Pour éviter la formation de buée sur les vitres des lunettes, la Commission proposa de nombreuses substances, dès septembre 1915. En premier lieu, les vitres d’acetyl-cellulose des lunettes Meyrowitz sont remplacées par des vitres en verre ordinaire, puis à lames formées de deux épaisseurs de verre prenant en sandwich une feuille souple et transparente qui garantit l’étanchéité en cas de bris de la vitre. Un crayon anti-buée, que l’on applique sur la face interne des vitres, est ensuite distribué pour limiter la condensation de la vapeur d’eau sur les oculaires. Pour définir la substance la plus adaptée, des examens des différentes matières sont effectués au laboratoire de Lebeau. Ainsi, on adopte une hydrocellulose fabriquée par la société ''La Cellophane''. Au début de l’année 1916, on utilise donc une lame de cellophane placée vers l’intérieur et protégée par une vitre de verre, placée à l’extérieur. La cellophane absorbe l’humidité au fur et à mesure de sa formation mais, par contre, devient fragile et malléable.
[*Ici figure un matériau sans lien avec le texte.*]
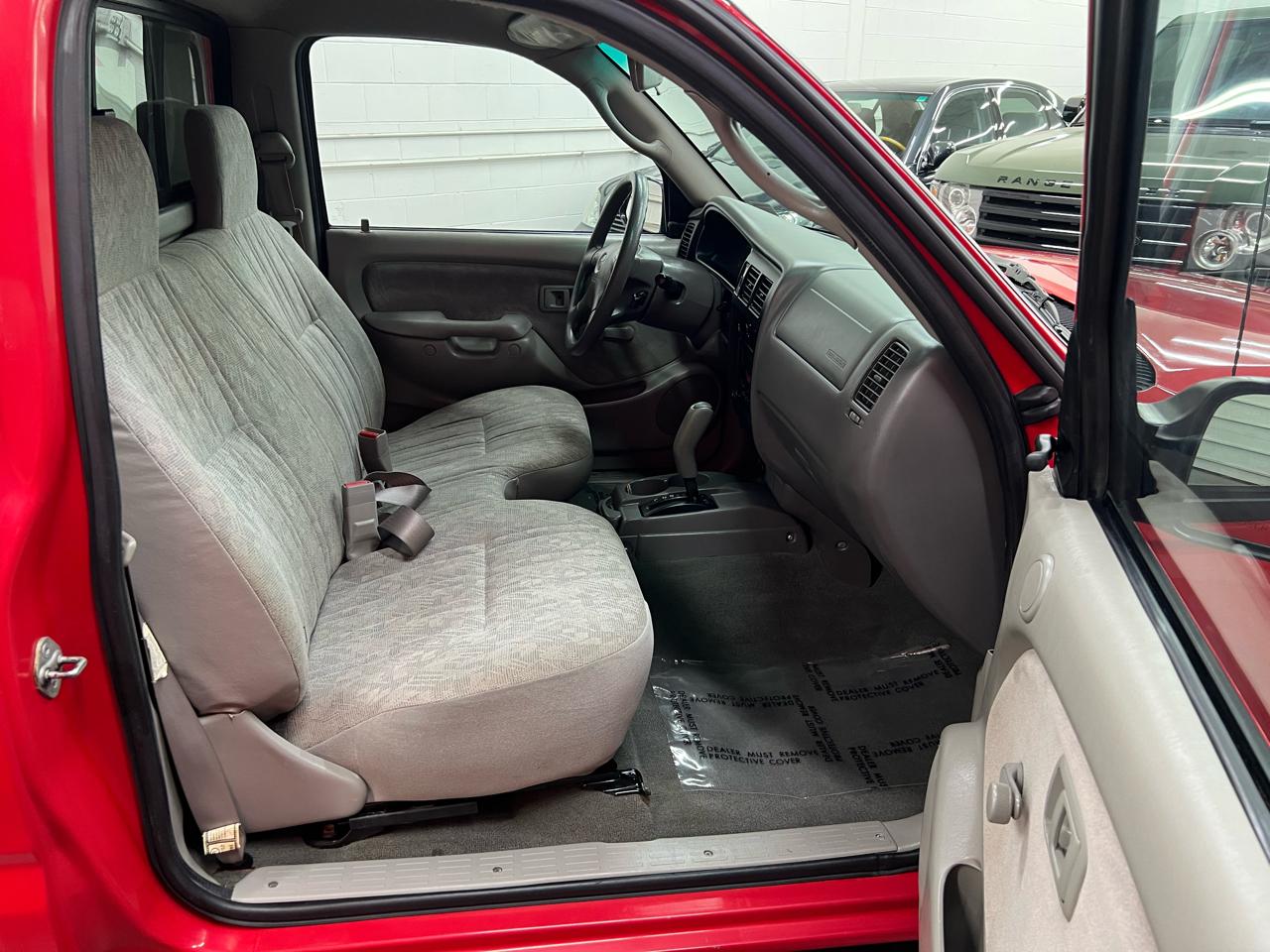 Toyota Tacoma 2WD Reg Cab I4 AT (Natl) 2003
Ces nouveaux oculaires semblent alors donner satisfaction et on supprime la lame de verre qui n’apportait, semble t’il, aucun avantage au dispositif, mais surtout qui empêchait la fixation des rondelles fixe-vitre. Ces lames de cellophane sont alors enchâssées dans un cercle métallique dont le bord intérieur, replié sur la vitre, est dentelé. L’ensemble est dénommé vitre anti-buée. Elles font leur apparition au milieu du mois de mars 1916. Les viseurs en acétyl-cellulose sont enchâssés à leur tour dans un cercle métallique à bords lisses, pour les différencier des précédents. Le 23 mars 1917, on décide d’intercaler une rondelle de cellophane, entre la lame et le cercle métallique de sertissage, pour éviter que ce dernier n’endommage la cellophane, selon un procédé proposé par Banzet. Puis, à la fin de l’année 1917, pour remédier à la fragilité de la cellophane, on double la lame par une épaisseur d’acétyl-cellulose placée à l’extérieur. Seule, la face interne est alors anti-buée et un G rouge se lit en transparence à l’endroit, vu de l’intérieur du masque si le viseur est placé dans le bon sens. Ces viseurs sont enchâssés dans un cercle de sertissage à pans coupés.
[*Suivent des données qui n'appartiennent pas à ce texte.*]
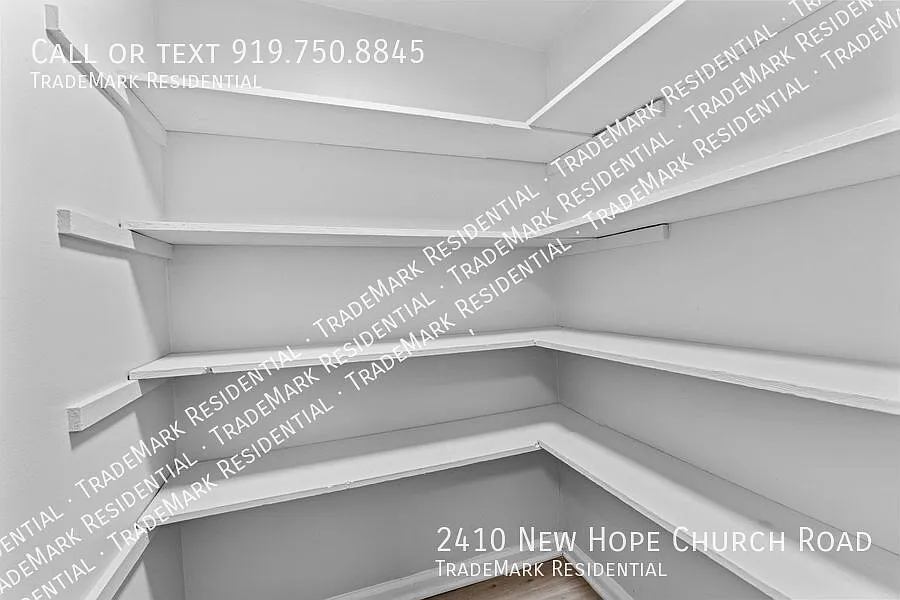 Bright & Airy 2BR/2BA Duplex Pet Friendly! — Photo 4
On cherche également à renforcer la tenue des viseurs, car, dans l’artillerie, le départ des coups de canons produit un souffle capable de faire sortir les vitres de leur logement. Le 12 avril 1917, un industriel du nom de Viénot propose un modèle de viseur renforcé, qui est adopté après différents essais menés par la Commission. La petite quantité produite donne satisfaction dans les différentes batteries où elles est à l’essai et le 8 septembre 1917, 200 000 viseurs sont à nouveau mis à l’essai sur des masques M2. Les viseurs Viénot se généraliseront, particulièrement dans l’artillerie, avec l’apparition de l’A.R.S. En février 1918, 2 000 000 viseurs de ce type sont à nouveau commandés pour équiper le nouvel appareil ARS.